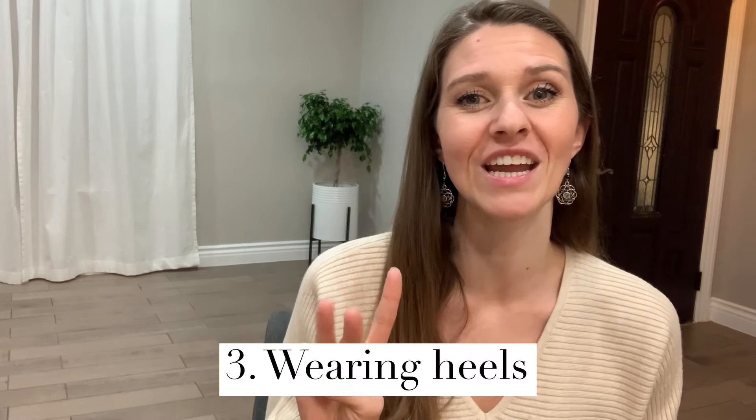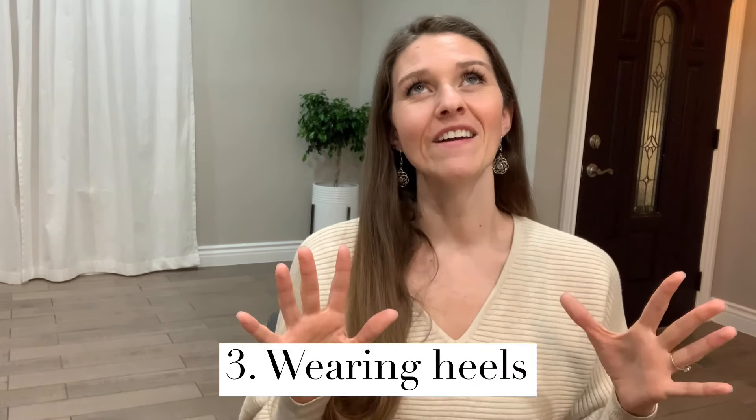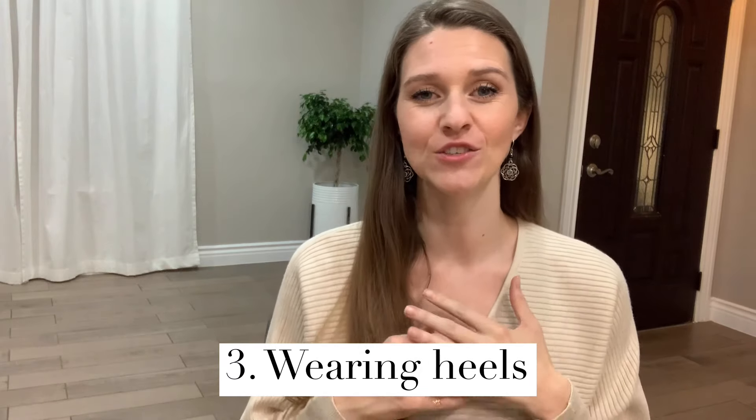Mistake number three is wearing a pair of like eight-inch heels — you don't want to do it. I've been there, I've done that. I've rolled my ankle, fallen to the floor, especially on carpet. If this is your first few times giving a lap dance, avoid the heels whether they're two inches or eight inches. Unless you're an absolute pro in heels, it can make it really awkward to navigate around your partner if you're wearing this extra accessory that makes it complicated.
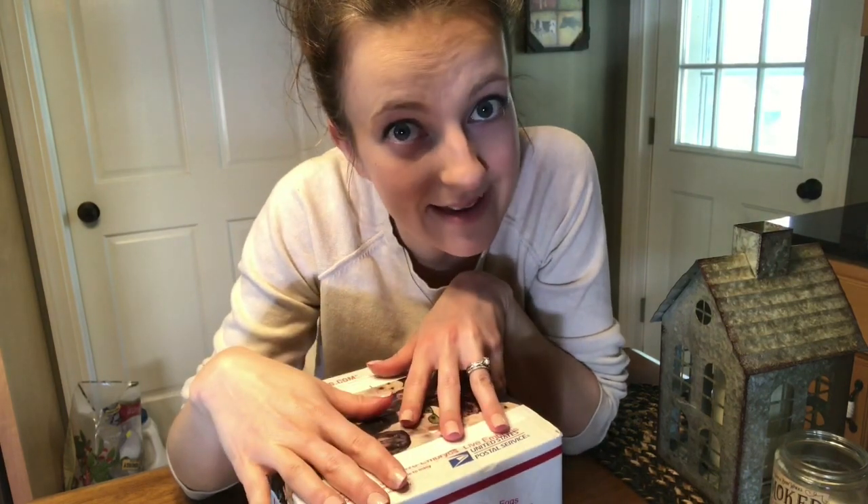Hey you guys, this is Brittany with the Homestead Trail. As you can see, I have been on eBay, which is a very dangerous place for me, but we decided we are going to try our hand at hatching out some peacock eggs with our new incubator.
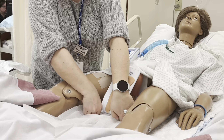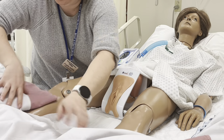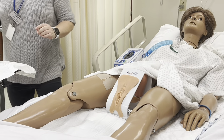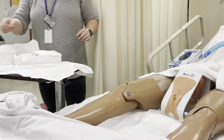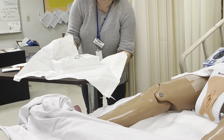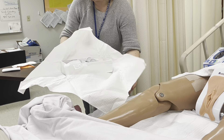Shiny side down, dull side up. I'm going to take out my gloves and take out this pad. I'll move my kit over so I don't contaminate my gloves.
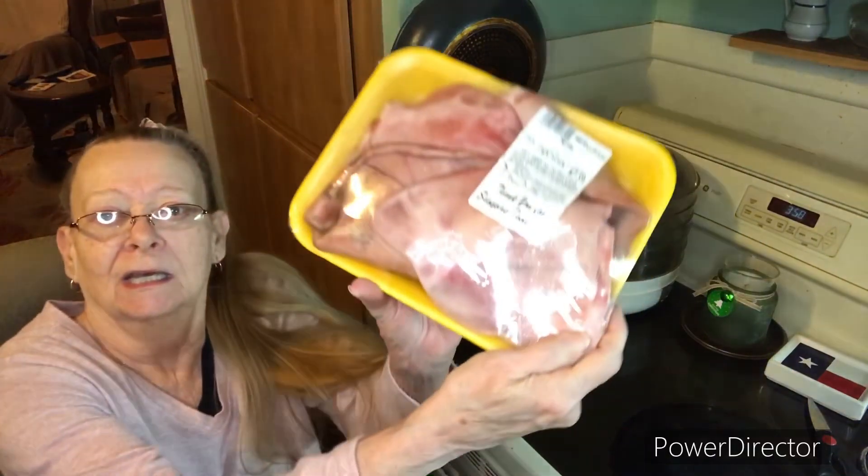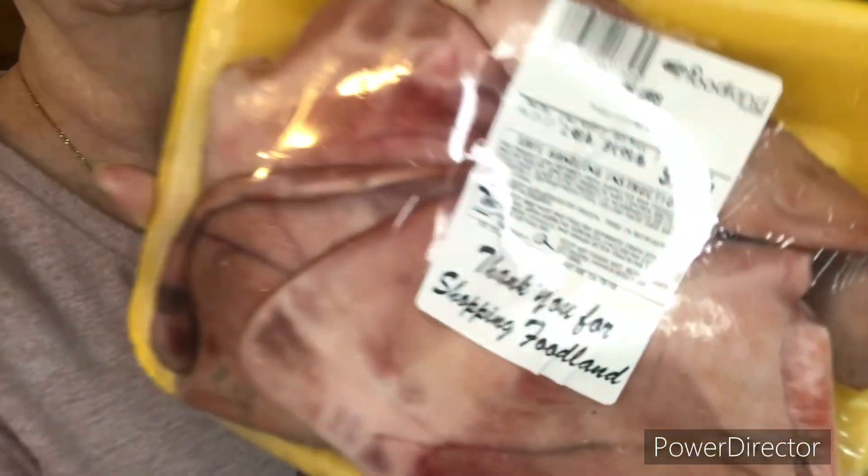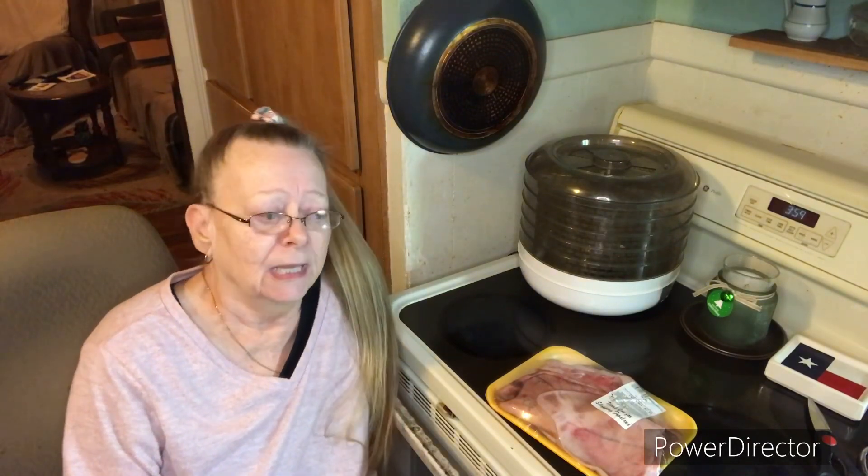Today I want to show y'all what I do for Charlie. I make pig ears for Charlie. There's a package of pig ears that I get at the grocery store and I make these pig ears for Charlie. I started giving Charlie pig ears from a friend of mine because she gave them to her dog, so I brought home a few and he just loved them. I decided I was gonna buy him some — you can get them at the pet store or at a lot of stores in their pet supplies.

**Your instructions:**
Every line from the one with "Hey you guys, this" through the last line of the data must be copied exactly. Leave the pictures out.

**Response box:**
Hey you guys, this is Brittany with the Homestead Trail. As you can see, I have been on eBay, which is a very dangerous place for me, but we decided we are going to try our hand at hatching out some peacock eggs with our new incubator.
Shiny side down, dull side up. I'm going to take out my gloves and take out this pad. I'll move my kit over so I don't contaminate my gloves.
Today I want to show y'all what I do for Charlie. I make pig ears for Charlie. There's a package of pig ears that I get at the grocery store and I make these pig ears for Charlie. I started giving Charlie pig ears from a friend of mine because she gave them to her dog, so I brought home a few and he just loved them. I decided I was gonna buy him some — you can get them at the pet store or at a lot of stores in their pet supplies.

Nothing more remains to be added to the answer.